Someone asked recently about co-teaching models. I figured now was a good time to describe (publicly) the year of teaching when I grew the most, and I have you to thank for pushing me to grow as an educator.

Maybe it was our social chemistry, maybe it was the life-stage of teaching for me as I was beginning to get comfortable with a few hundred lessons I’d taught. It was 2012, and I was leaving the GATE cluster (Gifted and Talented students who travel together, class to class) and joining the RSP cluster (students with IEPs who travel together, class to class). The Mullet Ratio was my first real jump into weird lessons that worked well, and I continued to try weird ways to get my students to understand math, to varying success. (Ugh.

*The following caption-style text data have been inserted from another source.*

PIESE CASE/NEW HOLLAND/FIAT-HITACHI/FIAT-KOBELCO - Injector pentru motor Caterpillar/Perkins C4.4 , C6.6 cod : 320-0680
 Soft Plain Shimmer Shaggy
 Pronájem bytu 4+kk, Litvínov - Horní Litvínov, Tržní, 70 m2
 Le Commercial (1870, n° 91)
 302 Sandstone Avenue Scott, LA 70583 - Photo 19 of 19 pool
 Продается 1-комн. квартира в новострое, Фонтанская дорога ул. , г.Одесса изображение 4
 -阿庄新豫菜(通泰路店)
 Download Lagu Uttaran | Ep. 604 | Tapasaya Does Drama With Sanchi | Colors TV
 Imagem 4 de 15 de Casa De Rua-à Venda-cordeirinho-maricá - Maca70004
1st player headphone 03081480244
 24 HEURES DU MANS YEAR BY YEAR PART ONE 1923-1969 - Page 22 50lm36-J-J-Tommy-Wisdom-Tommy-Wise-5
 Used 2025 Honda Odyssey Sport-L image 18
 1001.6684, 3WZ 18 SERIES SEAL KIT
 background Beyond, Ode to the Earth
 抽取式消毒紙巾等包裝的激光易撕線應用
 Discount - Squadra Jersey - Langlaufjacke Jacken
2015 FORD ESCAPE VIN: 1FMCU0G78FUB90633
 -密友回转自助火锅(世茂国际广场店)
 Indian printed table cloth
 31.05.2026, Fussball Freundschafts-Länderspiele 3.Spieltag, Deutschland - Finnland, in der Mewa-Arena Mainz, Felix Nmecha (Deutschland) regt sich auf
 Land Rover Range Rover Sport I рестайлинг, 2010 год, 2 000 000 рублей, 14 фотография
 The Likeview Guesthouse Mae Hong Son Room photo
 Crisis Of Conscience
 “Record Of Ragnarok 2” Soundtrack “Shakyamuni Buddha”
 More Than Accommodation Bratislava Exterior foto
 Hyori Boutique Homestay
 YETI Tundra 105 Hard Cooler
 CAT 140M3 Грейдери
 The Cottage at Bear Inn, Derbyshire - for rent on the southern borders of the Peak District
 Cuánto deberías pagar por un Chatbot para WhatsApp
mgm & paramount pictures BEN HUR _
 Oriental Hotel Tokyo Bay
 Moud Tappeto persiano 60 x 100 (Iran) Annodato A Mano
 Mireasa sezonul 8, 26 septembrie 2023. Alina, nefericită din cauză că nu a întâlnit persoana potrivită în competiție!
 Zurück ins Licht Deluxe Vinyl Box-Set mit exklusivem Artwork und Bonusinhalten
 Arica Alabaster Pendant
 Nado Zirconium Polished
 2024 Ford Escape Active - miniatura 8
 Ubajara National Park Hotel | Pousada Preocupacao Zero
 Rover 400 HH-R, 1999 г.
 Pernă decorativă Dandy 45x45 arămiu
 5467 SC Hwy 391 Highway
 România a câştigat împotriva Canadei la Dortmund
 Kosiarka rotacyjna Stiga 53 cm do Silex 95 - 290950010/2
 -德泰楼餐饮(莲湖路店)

Like the Kool-Aid lesson for Percent Mixture problems.)

You, Airica, did exactly what friends do; you started by just being friendly and helpful, asking how you could best support students with needs. In a school heavily populated with grumpy teachers who taught in silos, we quickly realized our camaraderie, and you began to ask me pointed questions:

  • How do you think Myles did on that topic?
  • What would you do differently if Bayley (visual impairment) was here at school today?
  • Do you think it was helpful having me teach the second example problem?
  • What’s the point of students taking notes?
A woman shrugs, as if to say, "Pff! I never thought about it before!"

“Uh… I.. um…”

I was thrilled. Prior to that school, I’d worked at a charter school in a vacuum, and any professional growth had to be home-cooked.* And suddenly, I have a fantastic meal served up, just like that? It was a delight.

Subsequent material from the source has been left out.